Несколько раз Глл'-Хтаа-Инн останавливался, чтобы показать Самаконе отдельные интересные здания, например храмы Йига, Тулу, Нуга, Йеба и Невыразимого, которые стояли вдоль дороги через редкие промежутки, каждый в своей особой роще, как было принято в К'ньяне. Эти храмы, в отличие от тех, что остались на равнине за горами, активно посещались: большие группы всадников приезжали и отъезжали непрерывно. Глл'-Хтаа-Инн водил Самакону в каждый из храмов, и испанец наблюдал за изысканными и разнузданными обрядами со сложным чувством отвращения и восхищения.

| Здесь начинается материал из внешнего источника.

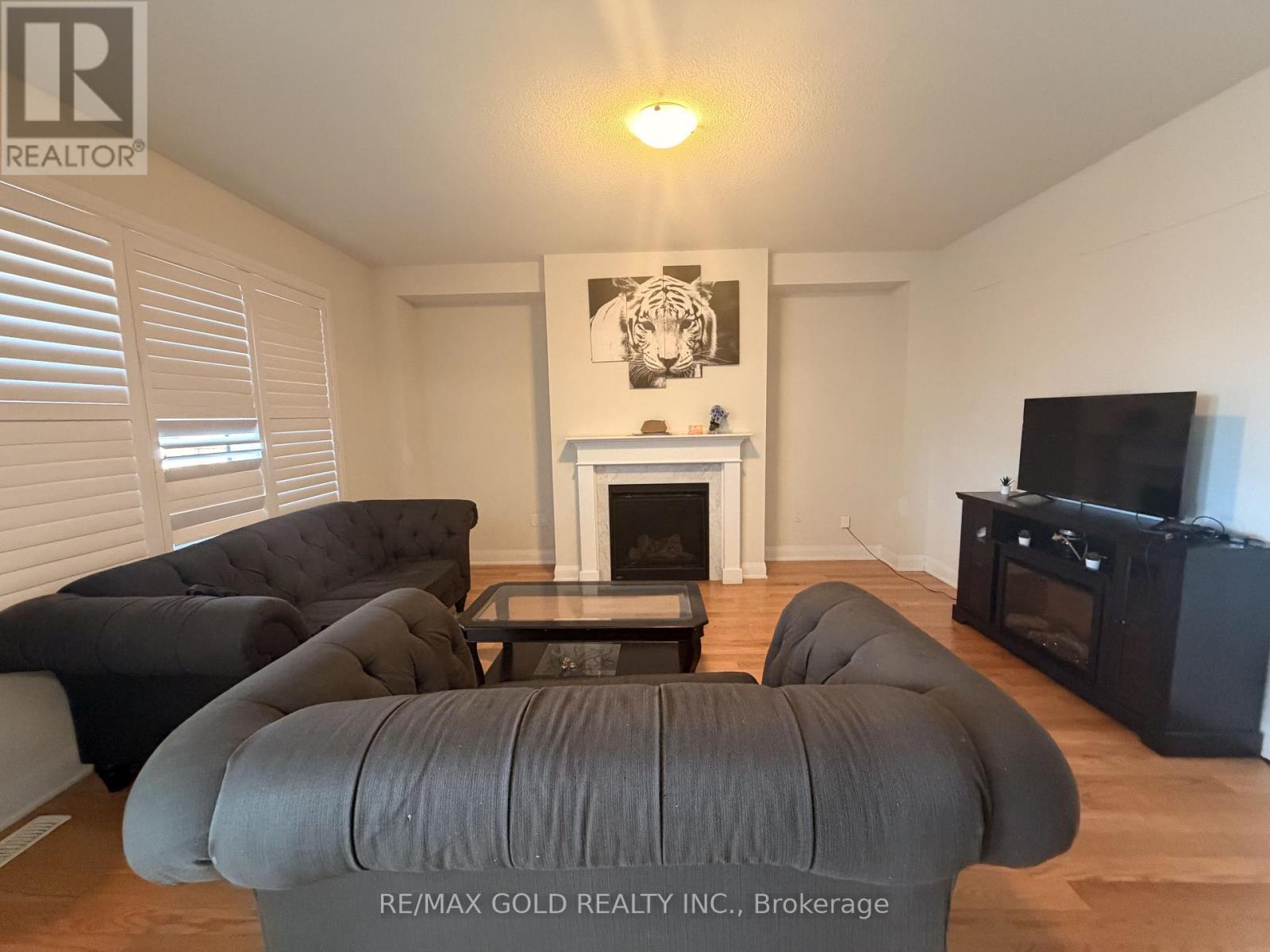20 MOORHART CRESCENT, Caledon — photo 2
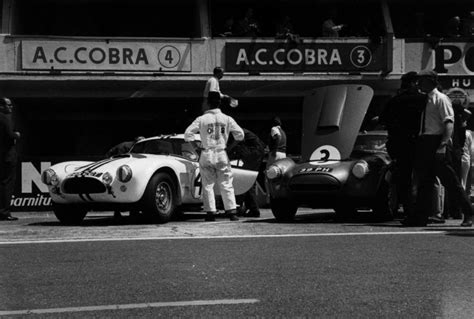 The Iconic Shelby Ac Cobra And Its Timeless Legacy Autoevolution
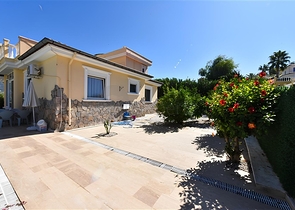 فيلا من ثلاث غرف نوم مع تجديد أنيق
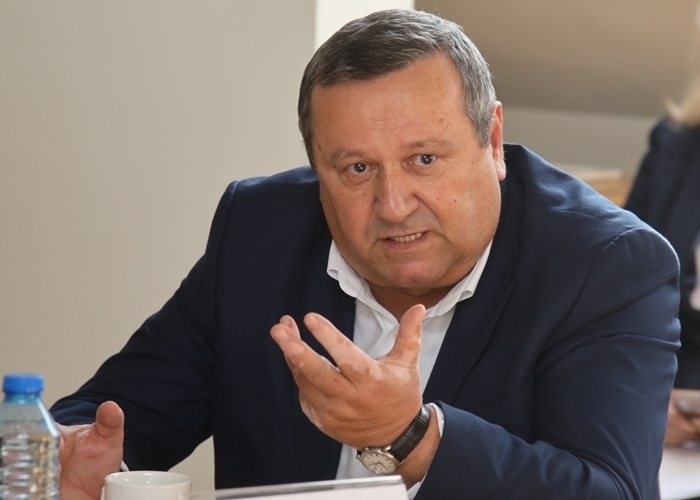 Социалният министър Хасан Адемов идва в Бургас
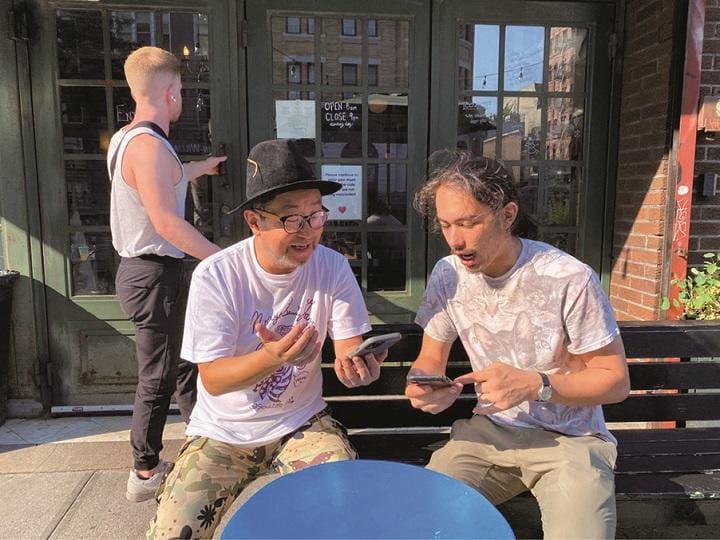 ニューヨークのレストラン前で「ワクチンパスポート」を見せ合う大江（左）SENRI OE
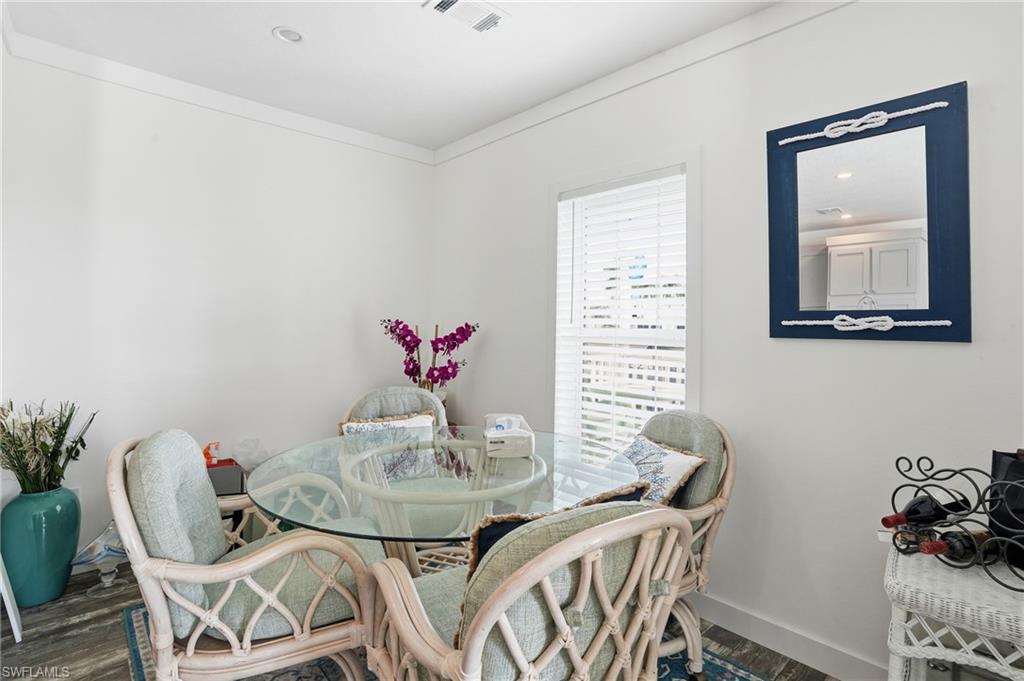 BAYSIDE ESTATES - Residential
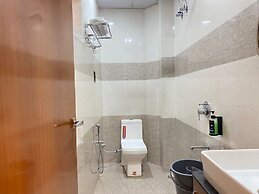 New Crown Plaza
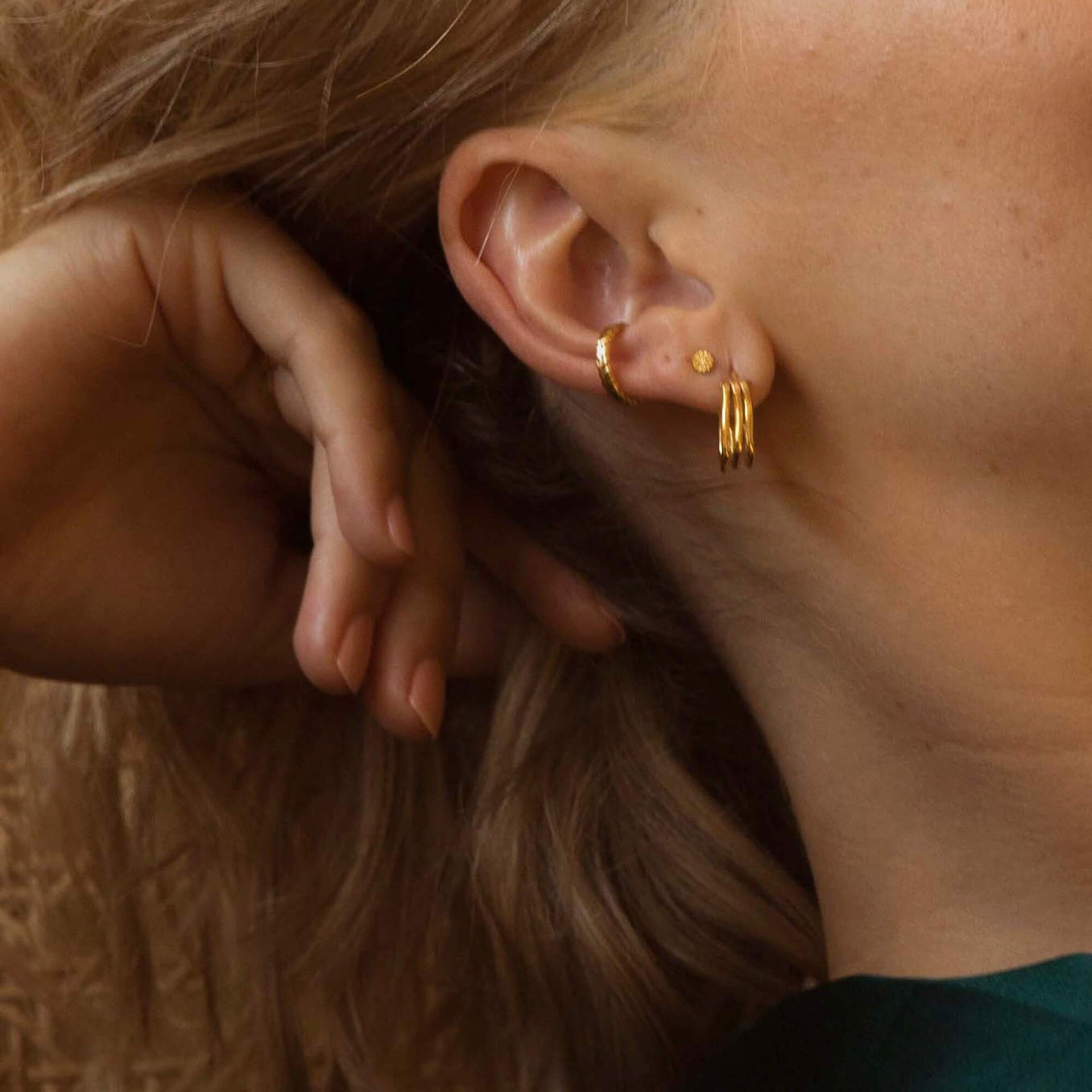 estee-lalonde-thea-ear-cuff-18ct-gold-plated-sterling-silver-daisy-london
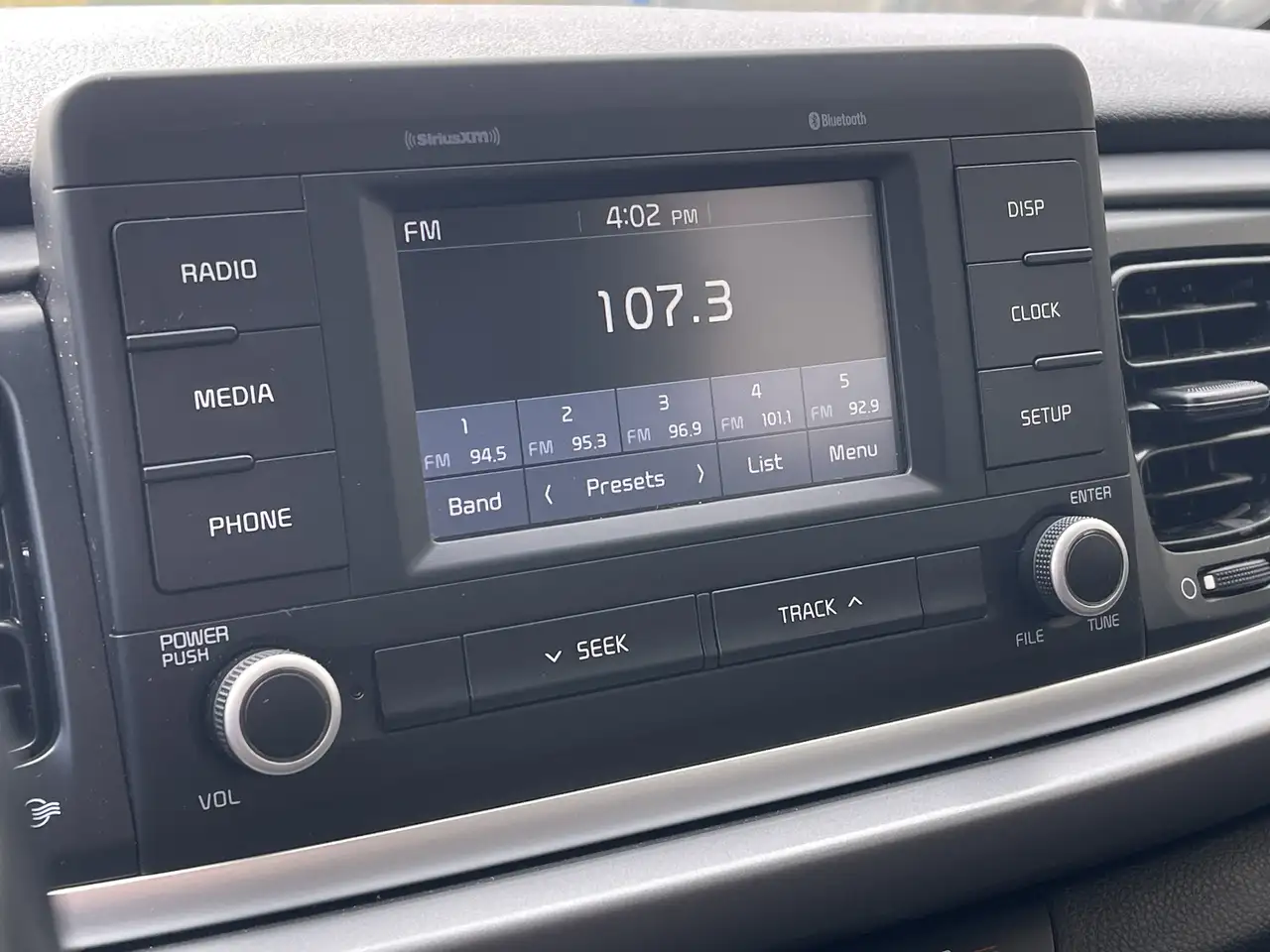 Kia Rio снимка Kia Rio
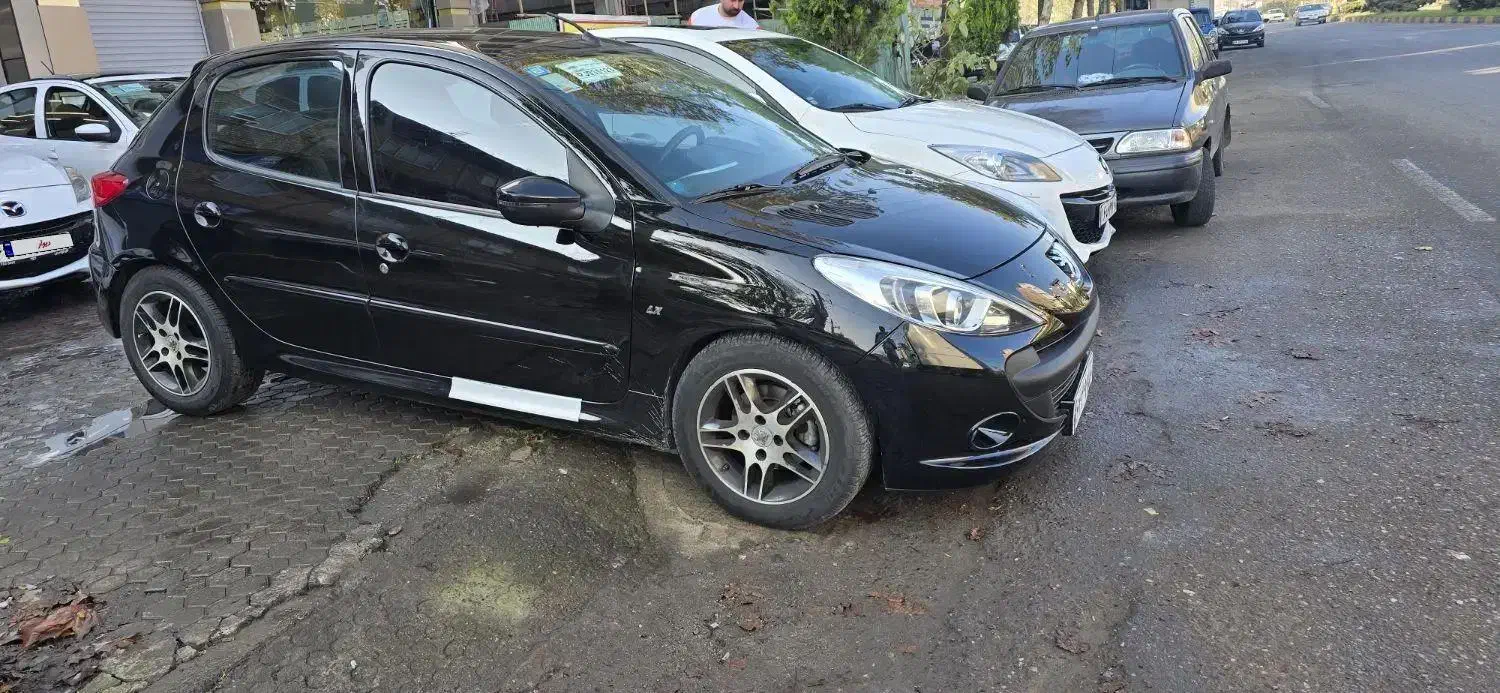 207 مدل 1402 مشکی آبنوس|خودرو سواری و وانت|لاهیجان, حزین|دیوار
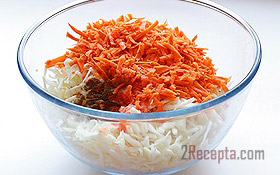 Свежий салат из капусты с морковью и колбасой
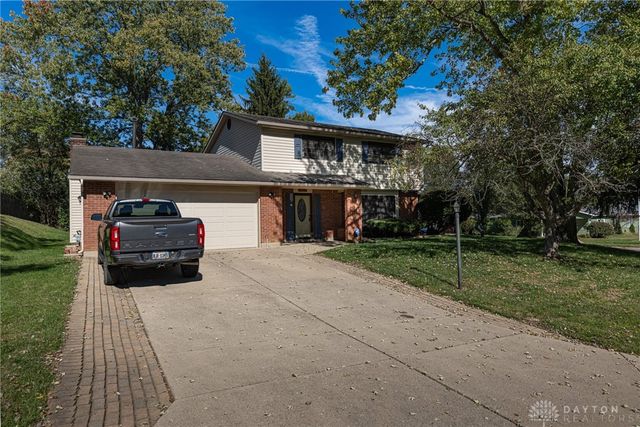 2447 Hemphill Road, Kettering, OH 45440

Ритуалы Нуга и Йига были особенно отталкивающими - до такой степени, что он даже воздержался от их описания в рукописи. По дороге им встретился только один приземистый черный храм Цатхоггуа, но он был превращен в святилище Шуб-Ниггурат, Всеобщей Матери и жены Невыразимого. Это божество чем-то напоминало Астарту, и ее культ показался набожному католику в высшей степени отвратительным. Меньше всего ему понравились эмоциональные крики, издаваемые молящимися, - необычно резкие для людей, которые перестали пользоваться речью для общения.
Недалеко от предместий города, уже в тени его устрашающих башен, Глл'-Хтаа-Инн указал на уродливое круглое здание, перед которым выстроились огромные толпы. Это, сказал он, один из многих амфитеатров, где пресыщенные впечатлениями люди наблюдают довольно странные игры и забавы. Он хотел остановиться и провести Самакону внутрь, но испанец, припомнив изуродованные фигуры на полях, отчаянно запротестовал. Это была первая дружеская размолвка, из которой жители Цатха поняли, что в моральном плане их гость слишком узок и ограничен.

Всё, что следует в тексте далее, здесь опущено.